A disparidade de efectivos era enorme. No entanto, Nun’Álvares insistiu em dar batalha, no lugar dos Atoleiros. E obteve uma vitória rápida e estrondosa. E é aqui que chegamos ao que eu queria dizer desde o princípio.
Ele venceu porque, contra a cavalaria de Castela, opôs uma espécie de «quadrado» de infantaria, em que a vanguarda estava guarnecida por lanças cravadas no solo e, logo atrás, por uma linha de besteiros e fundibulários. Os ginetes castelhanos começaram a ser abatidos por projécteis antes mesmo de chegarem ao contacto directo com o inimigo e depois os cavalos eram trespassados pelas lanças da vanguarda portuguesa. Sem entrar em pormenores: os invasores sofreram 120 baixas, os defensores nem uma só.

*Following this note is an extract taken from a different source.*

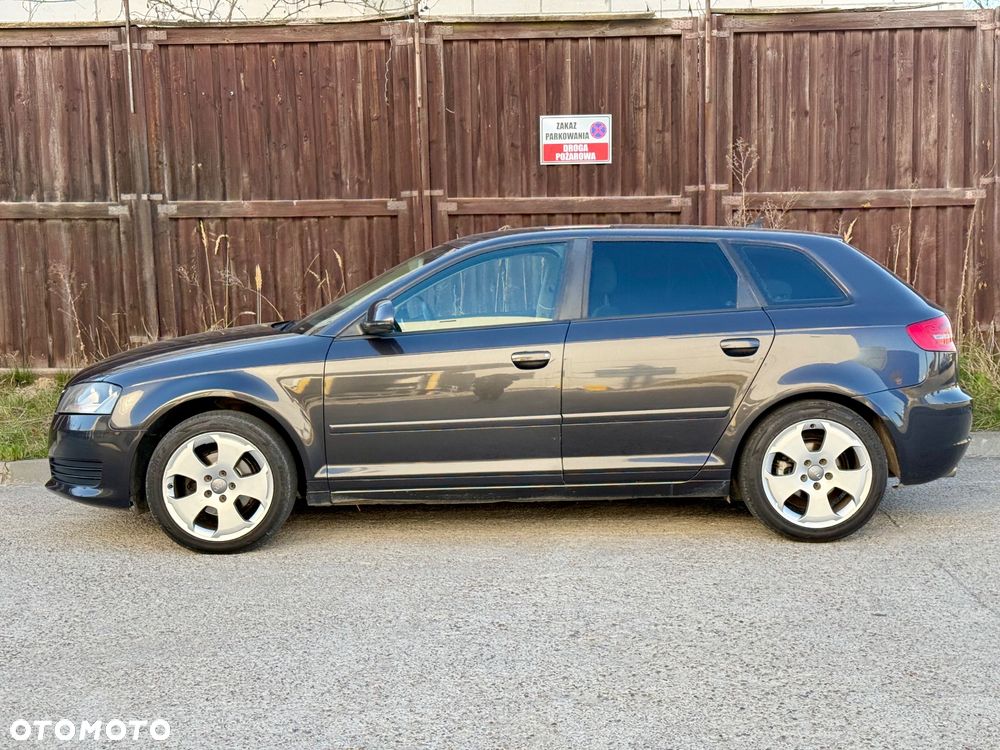 Audi A3 Sportback - 6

Ora bem: esta foi a primeira vez que tal aconteceu em Portugal. Como diz Fernão Lopes, «este Nun’Álvares foi o primeiro que da memória dos homens (…) pôs batalha pé terra em Portugal e a venceu». A táctica seria repetida em Aljubarrota e Valverde. Em Trancoso, vitória em que o Condestável não participou, também se formou quadrado — porque um dos comandantes portugueses estivera nos Atoleiros.
Se a esta estreia táctica juntarmos o enorme efeito moral produzido no campo português e o fim da invasão do Alentejo, concluiremos, penso, que esta é uma batalha a não esquecer.